Von Reinhard Kriechbaum
Eine Reihe von Büchern sind auf diese Weise entstanden, feuilletonistische Werke von Gauß, die Kurt Kaindl bebildert hat, aber auch Fotobände, zu denen der Schriftsteller journalistische Apercus geliefert hat. "Reisen im Niemandsland", vor zwei Jahren im Verlag Galerie Fotohof/Otto Müller erschienen, ist eine dieser Dokumentationen.

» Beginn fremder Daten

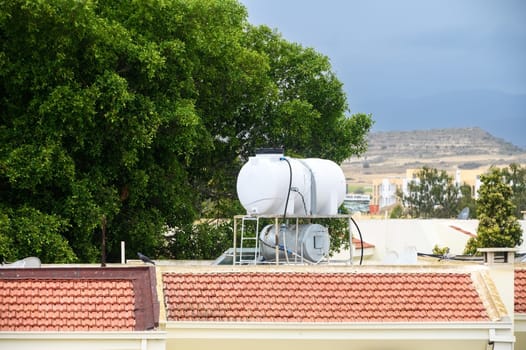 Solar water heating system on the rooftops.1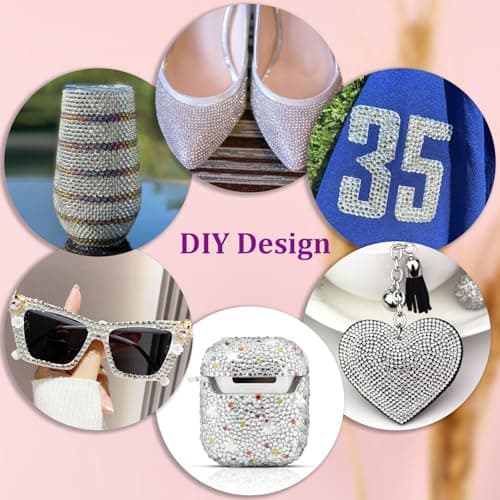 25000 Pcs Silver Clear Flatback Rhinestones for DIY Crafts
| Bedazzling Crystal with 3 Pcs 10ml B7000 Jewelry Glue for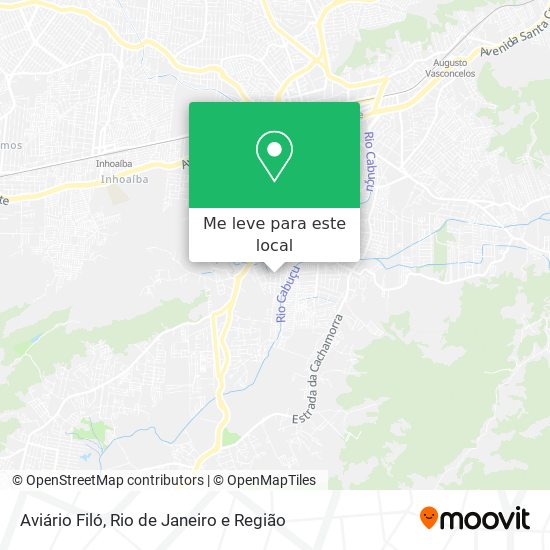 Aviário Filó mapa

Wie sieht das "Niemandlsland" heute aus, das sich einst entlang des Eisernen Vorhangs von der Ostsee bis an die Adria hinzog? Kurt Kaindl hat also die über Jahrzehnte so gut wie unüberwindliche Grenze zwischen Kapitalismus und realem Sozialismus abgesucht mit der Schwarzweiß-Kamera: Aus beiden politischen Perspektiven war die Linie zwischen der Halbinsel Priwall bei Travemünde bis nach Görz/Gorizia und noch ein kleines Stück weiter ins Bergland hinter Triest so etwas wie das Ende der Welt. Allzu nahe dran siedelte niemand freiwillig.

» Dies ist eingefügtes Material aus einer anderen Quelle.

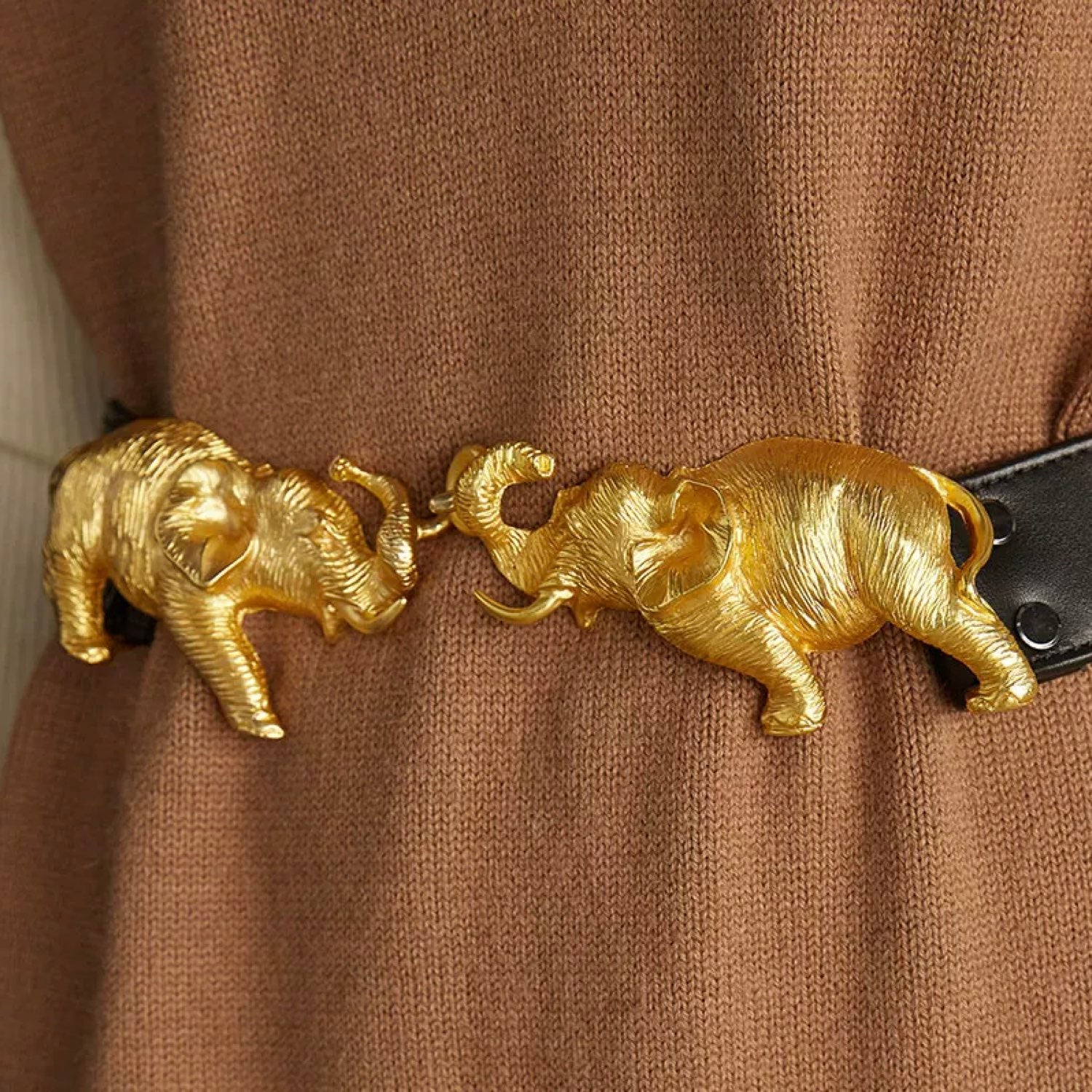 Golden Elephant Equestrian Style Adjustable Belt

Nun zeigt die Galerie Eboran 27 Aufnahmen Kaindls. Dürftig wirkt manches nach wie vor. Und Hand aufs Herz: So sehr nach ehemaligem Ostblock wie im Marchfeld sieht es in Österreich nach wie vor nirgendwo aus. Menschen kommen ins Bild, Gastwirte und junge Leute (sie wirken natürlich "mitteleuropäisch", weil sich die Jugend in ihren Outfits modernistisch-international orientiert).

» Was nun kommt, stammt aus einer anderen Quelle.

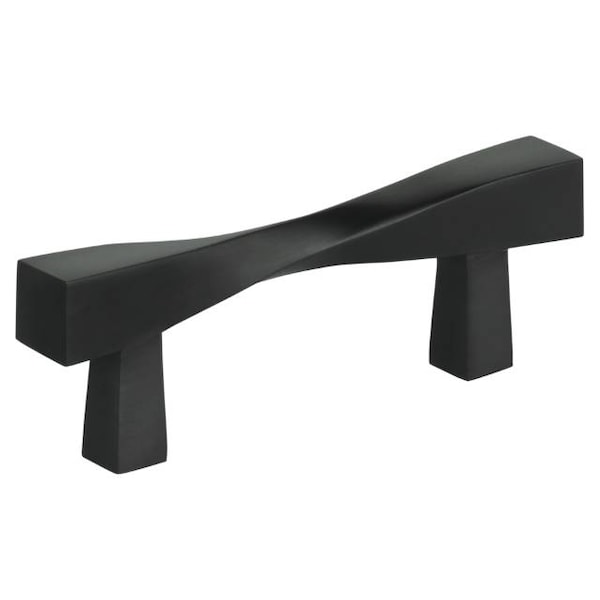 Omnia Center to Center Modern Twisted Cabinet Pull Oil Rubbed Bronze 2-3/4" - 9009/70.10B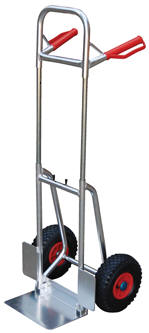 Vestil DHHT-250A-FD-UR Fold-Down Aluminum Hand Truck, Red Flat-Free Urethane Wheels, Capacity (lbs): 250 at Sears.com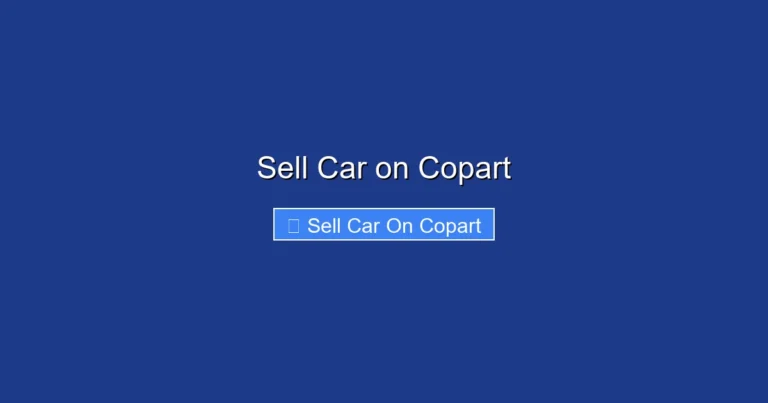 Sell Car on Copart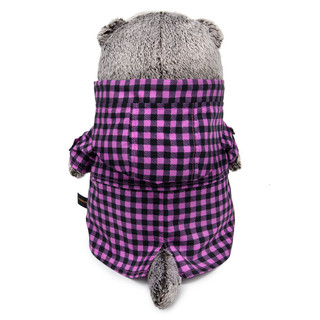 Басик в клетчатом плаще, 19 см 4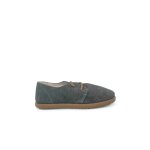 Chaussures � lacets en su�de avec semelle caramel gris fonc�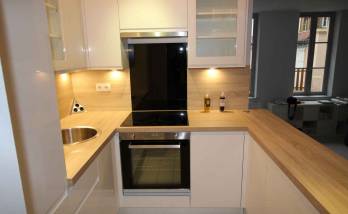 Rénovation d'une cuisine à Deauville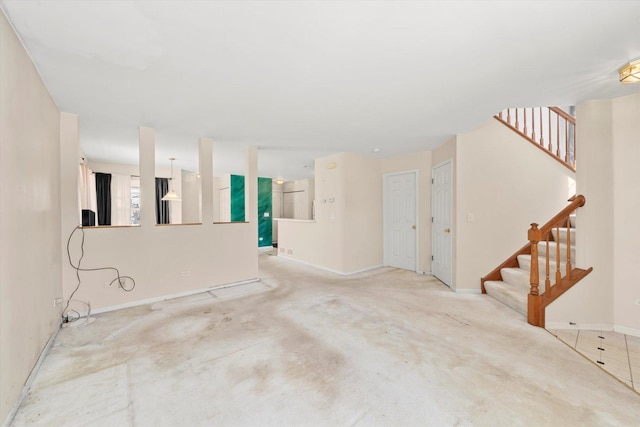 43 Freesia Ct, Romeoville, IL 60446 - unfurnished room featuring stairs and baseboards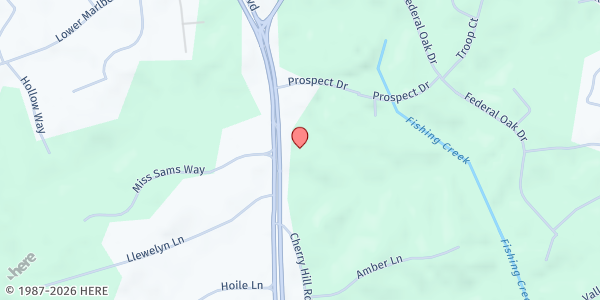 Map showing End Hunger in Calvert County - Huntingtown at 6045 Solomon Island Road, Huntingtown, MD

Da und dort sind ein Stück Drahtverhau, ein paar Meter Mauer erhalten geblieben und sorgsam restauriert worden - Mahn- und Gedenkmale von im Wortsinn einschneidenden politischen Maßnahmen. Das hat nach zwanzig Jahren, mit ordentlich drapierten Panzersperren, schon Museumswert. "Nie wieder christliche Union" haben heutige Schmierfinke auf die Blechtür eines ehemaligen Grenzwachturms nahe der Ostseeküste geschmiert. Ein Künstler hat eine durchlöcherte Blechplatte, Relikt der Schießübungen von Grenzsoldaten, gesichert und macht was draus, was unser Gedächtnis wach halten soll. In Görz sind Jogger unterwegs, und sie denken wahrscheinlich mehr ans Kalorien-Abbauen als daran, dass der Ort mit den drei Namen Görz, Gorizia und Nova Goricia für ein logisches Miteinander unterschiedlicher Ethnien steht. Österreicher und Slowenen verbindet auf dem Mur-Wasserweg der Fährmann Ploj Vinko. Letztlich sind es ja die Menschen, die Grenzenobsolet werden lassen. Und das ist bei aller Schwarzweiß-Tristesse eine zaghaft-positive Botschaft.